**** Data block ****

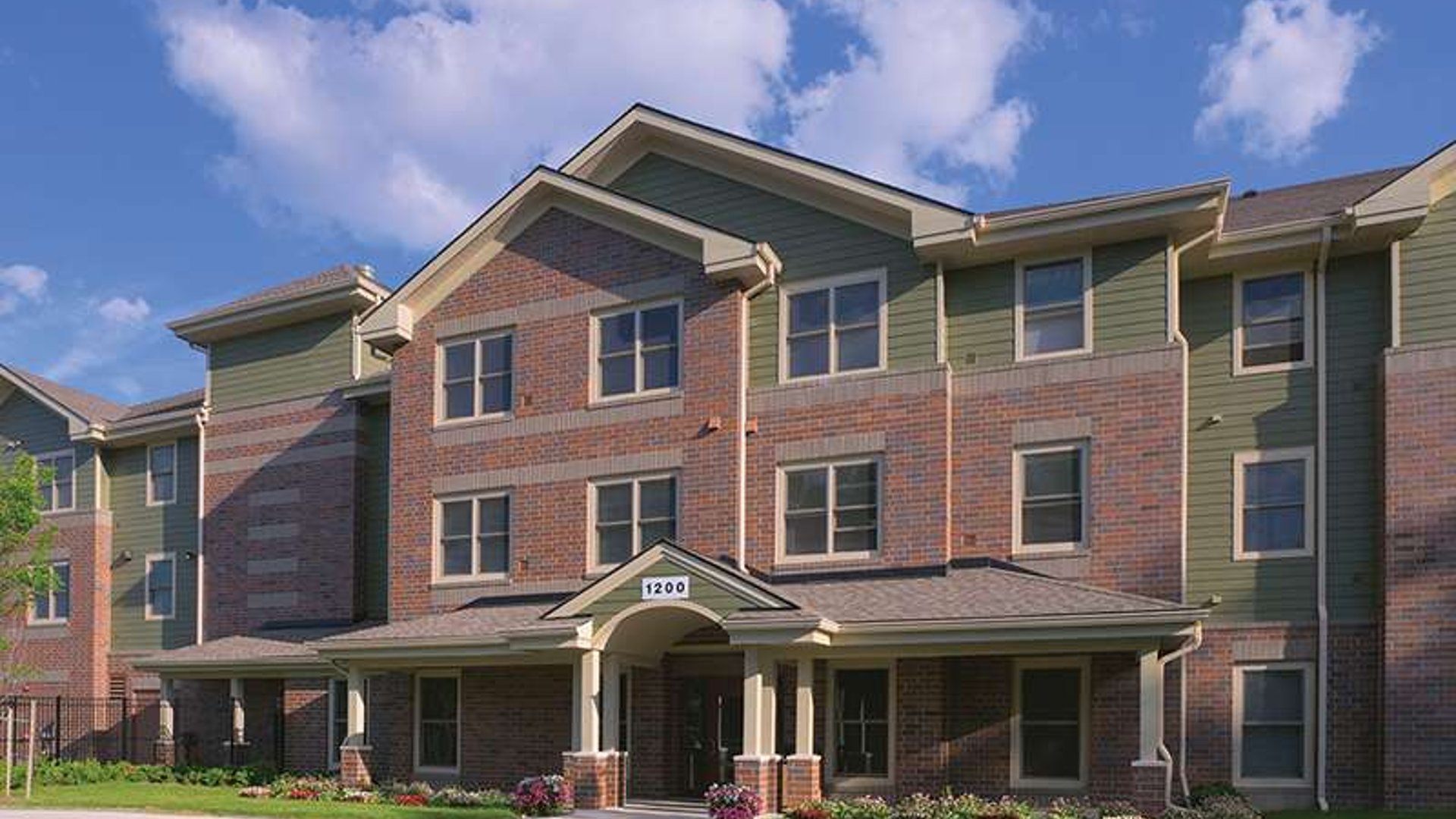 System.Collections.Generic.List`1[AFS.Common.Models.Photo] - Image 1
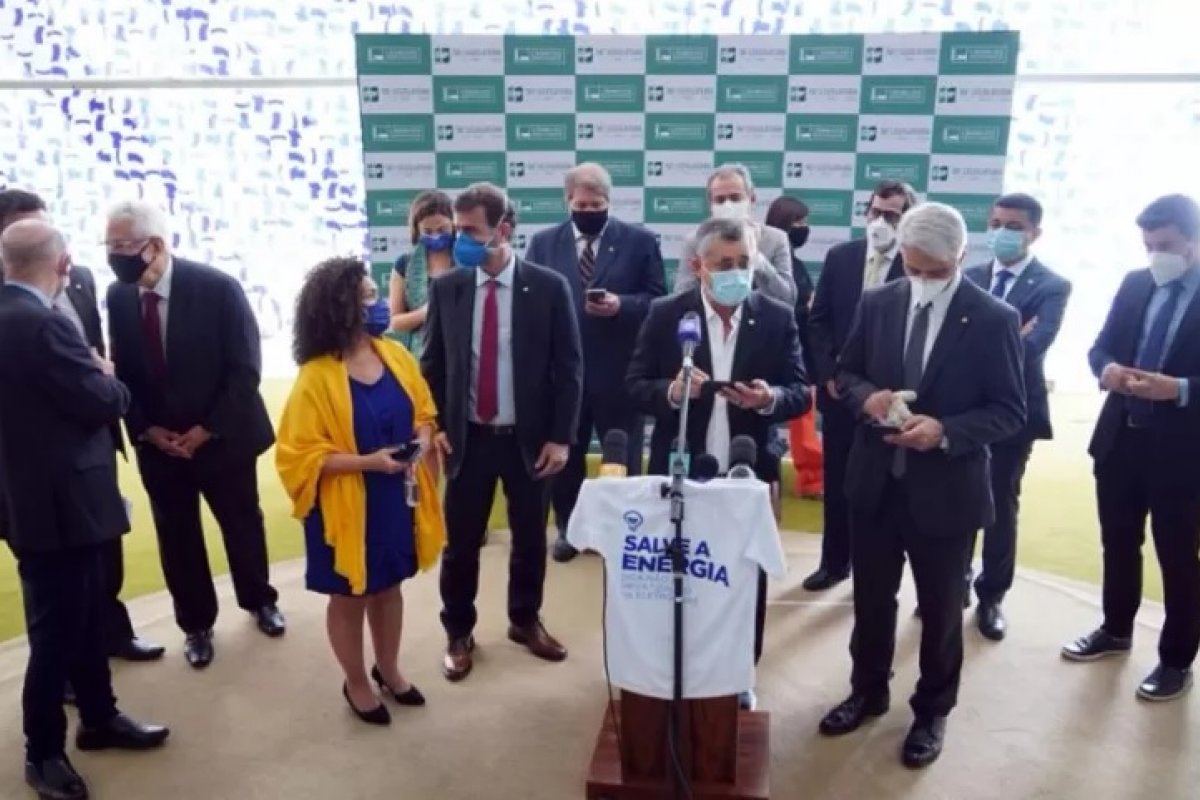 Oposição na Câmara entra com ação no STF para impedir privatização da Eletrobras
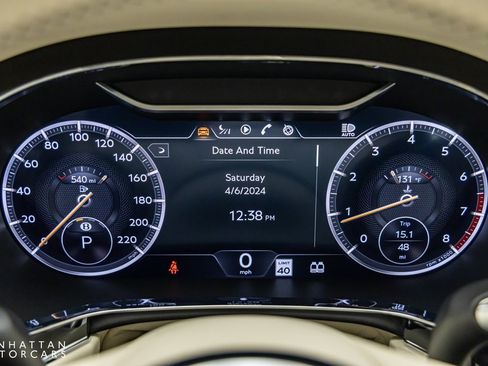 Used 2024 Bentley Continental GT image 16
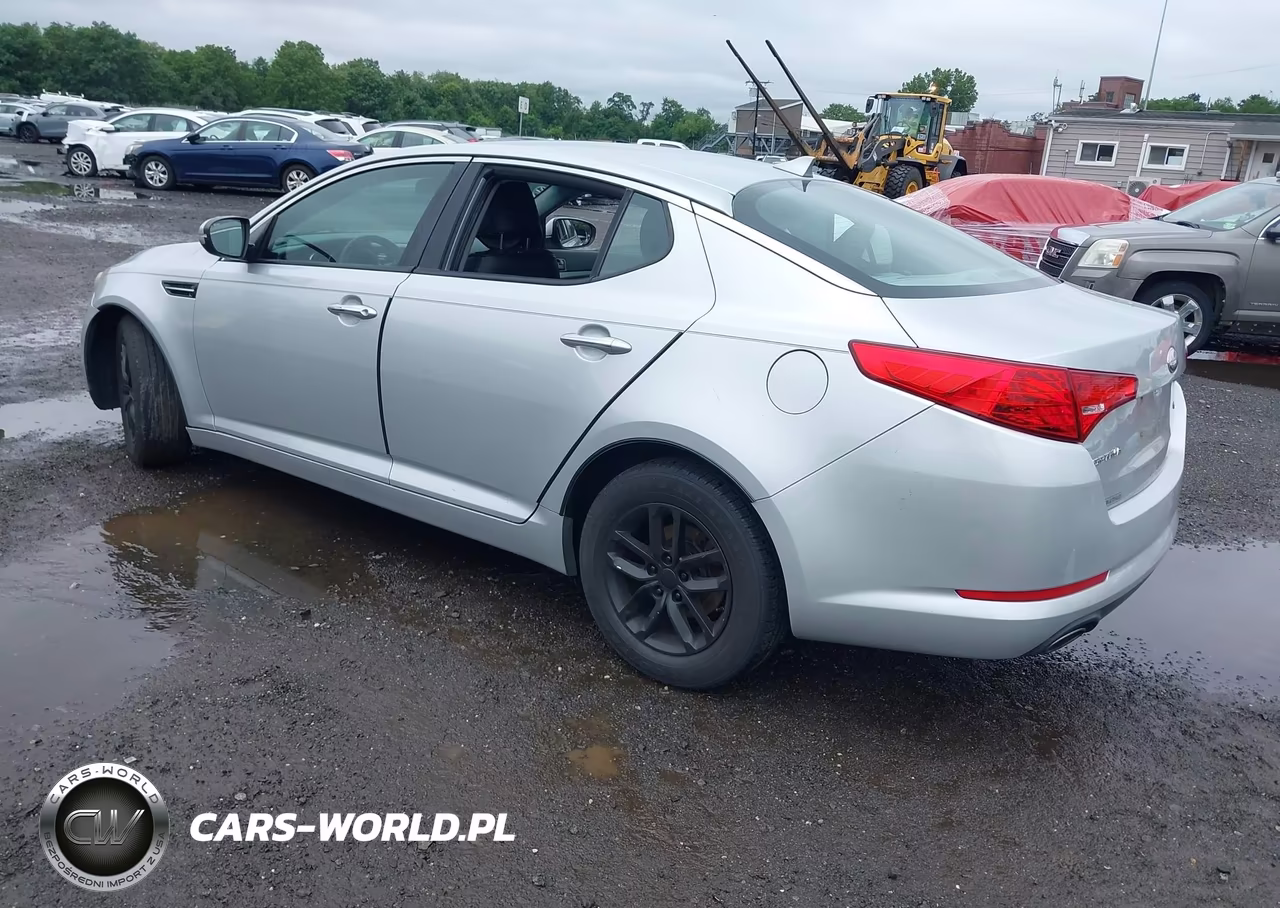 2013 Kia Optima Lx VIN:5XXGM4A70DG177089 - 3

****

**Activity:** Reproduce the whole listing exactly, but not the images in it.

**Expected output:**
 System.Collections.Generic.List`1[AFS.Common.Models.Photo] - Image 1
 Oposição na Câmara entra com ação no STF para impedir privatização da Eletrobras
 Used 2024 Bentley Continental GT image 16
 2013 Kia Optima Lx VIN:5XXGM4A70DG177089 - 3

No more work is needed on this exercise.